Beginning with the first line, copy out each line of the material until the line containing "Slide: The Image" has been copied as well.

(Collected material Opens)

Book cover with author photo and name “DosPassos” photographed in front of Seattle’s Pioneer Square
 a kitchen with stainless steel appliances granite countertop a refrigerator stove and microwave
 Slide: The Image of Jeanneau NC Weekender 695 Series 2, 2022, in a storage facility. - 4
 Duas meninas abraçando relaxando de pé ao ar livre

(Collected material Closes)

## Reply
Book cover with author photo and name “DosPassos” photographed in front of Seattle’s Pioneer Square
 a kitchen with stainless steel appliances granite countertop a refrigerator stove and microwave
 Slide: The Image of Jeanneau NC Weekender 695 Series 2, 2022, in a storage facility. - 4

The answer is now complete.